* _YOUR TASK_:
The material below holds pictures; leave them out and reproduce exactly the lines from the one with "Online seminar text" through the one with "2026 Leaf Vivid", inclusive.

* _STORED DATA_:

◆ ◆ ◆ ◆ ◆

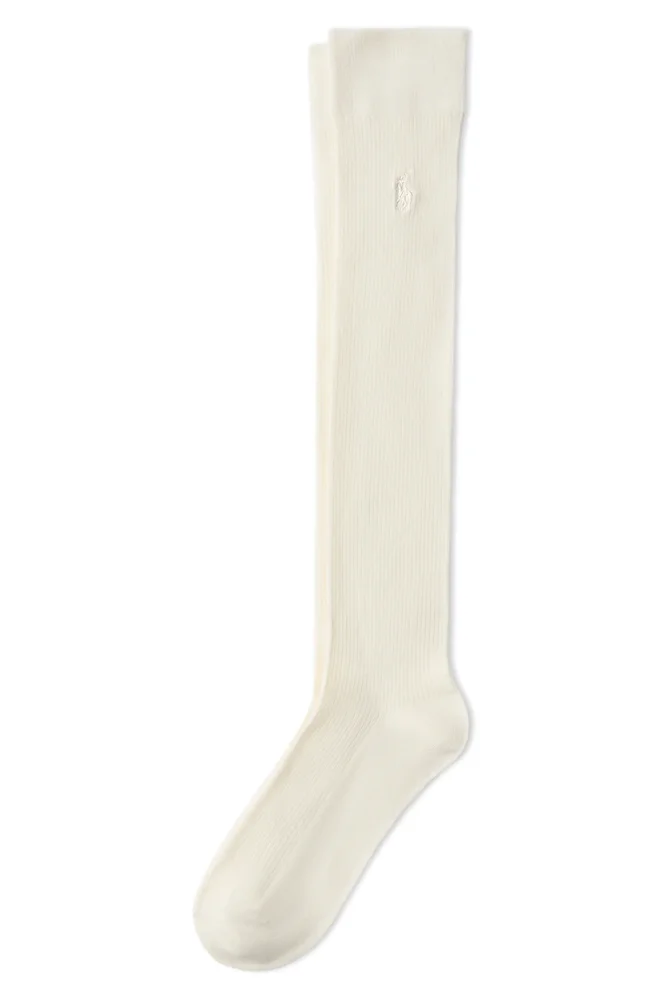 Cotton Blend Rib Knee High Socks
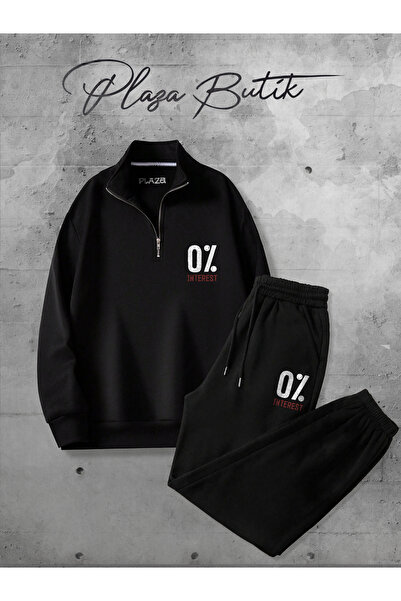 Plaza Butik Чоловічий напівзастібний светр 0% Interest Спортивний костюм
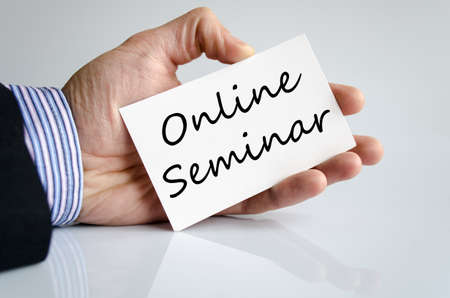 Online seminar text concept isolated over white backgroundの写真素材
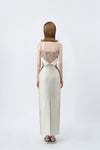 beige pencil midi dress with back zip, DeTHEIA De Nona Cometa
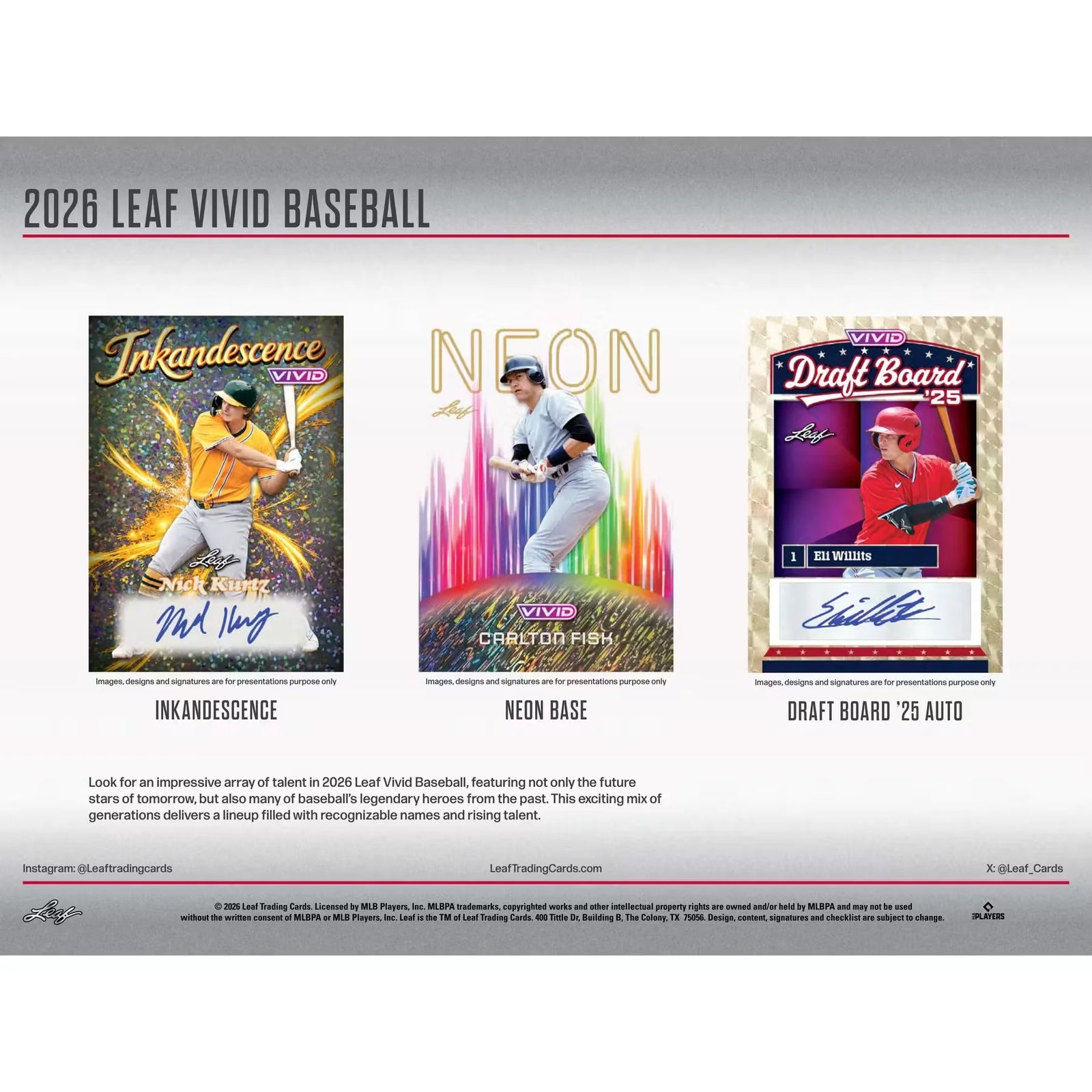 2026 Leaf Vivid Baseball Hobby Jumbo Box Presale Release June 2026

◆ ◆ ◆ ◆ ◆

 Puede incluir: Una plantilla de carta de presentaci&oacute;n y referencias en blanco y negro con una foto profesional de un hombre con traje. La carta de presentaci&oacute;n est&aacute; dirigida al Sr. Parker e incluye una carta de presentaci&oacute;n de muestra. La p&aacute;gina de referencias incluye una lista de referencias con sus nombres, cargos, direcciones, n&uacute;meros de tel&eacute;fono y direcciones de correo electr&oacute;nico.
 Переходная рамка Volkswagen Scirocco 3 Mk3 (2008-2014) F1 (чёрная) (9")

◆ ◆ ◆ ◆ ◆

* _EXERCISE RESPONSE_:
 Online seminar text concept isolated over white backgroundの写真素材
 beige pencil midi dress with back zip, DeTHEIA De Nona Cometa
 2026 Leaf Vivid Baseball Hobby Jumbo Box Presale Release June 2026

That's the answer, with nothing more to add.